(Provided records begins)
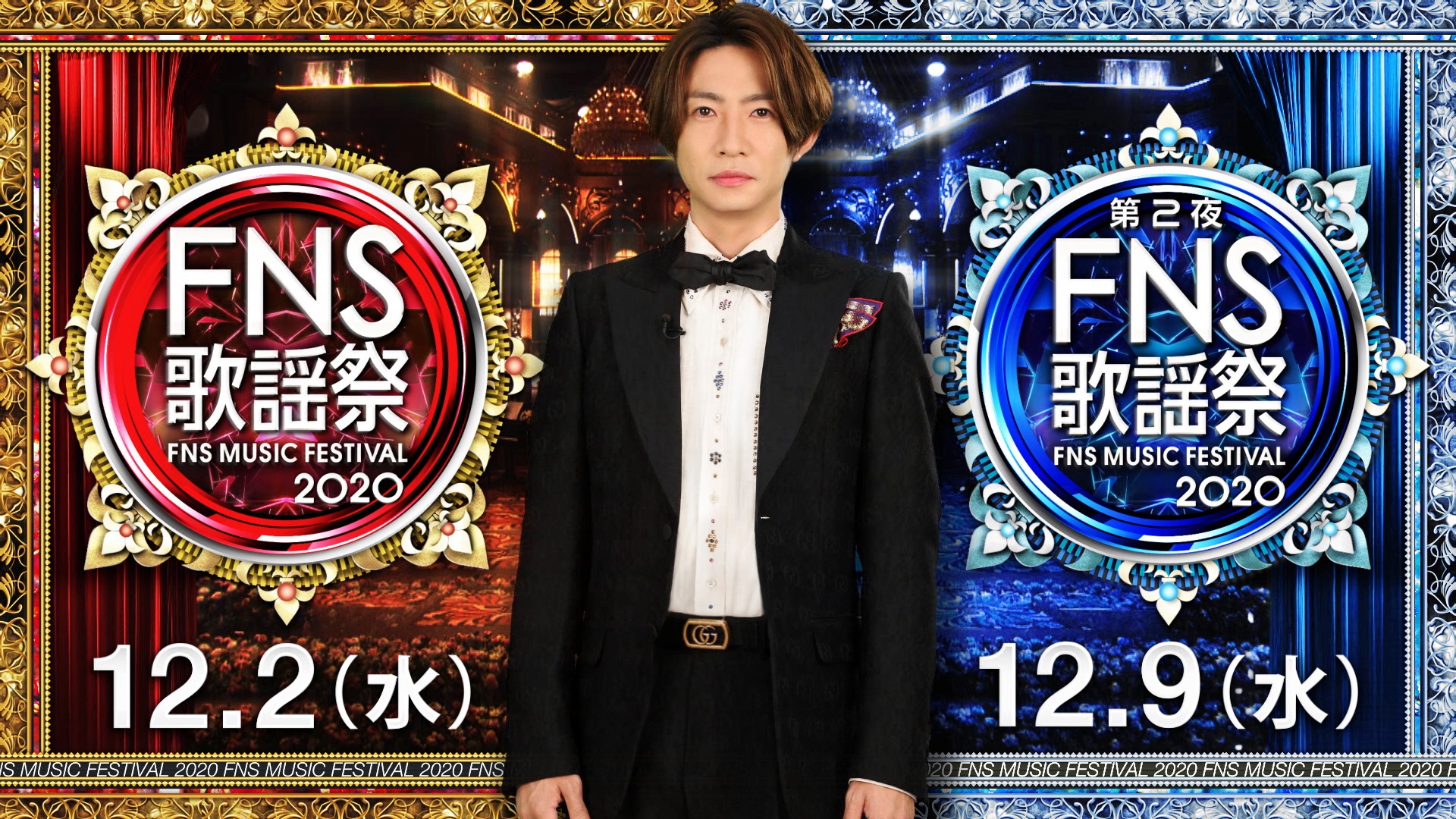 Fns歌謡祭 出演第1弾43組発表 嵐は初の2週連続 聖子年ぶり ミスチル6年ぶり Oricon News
(Provided records ends)
(Provided records begins)
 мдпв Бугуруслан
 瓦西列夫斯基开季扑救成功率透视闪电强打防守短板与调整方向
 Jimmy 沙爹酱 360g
(Provided records ends)
▸ **Try it**
Your answer must be the lines above from the one containing "мдпв Бугуруслан" to the one containing "Jimmy 沙爹酱 360g", both included, restated word for word.

▸ **Response to this task**
 мдпв Бугуруслан
 瓦西列夫斯基开季扑救成功率透视闪电强打防守短板与调整方向
 Jimmy 沙爹酱 360g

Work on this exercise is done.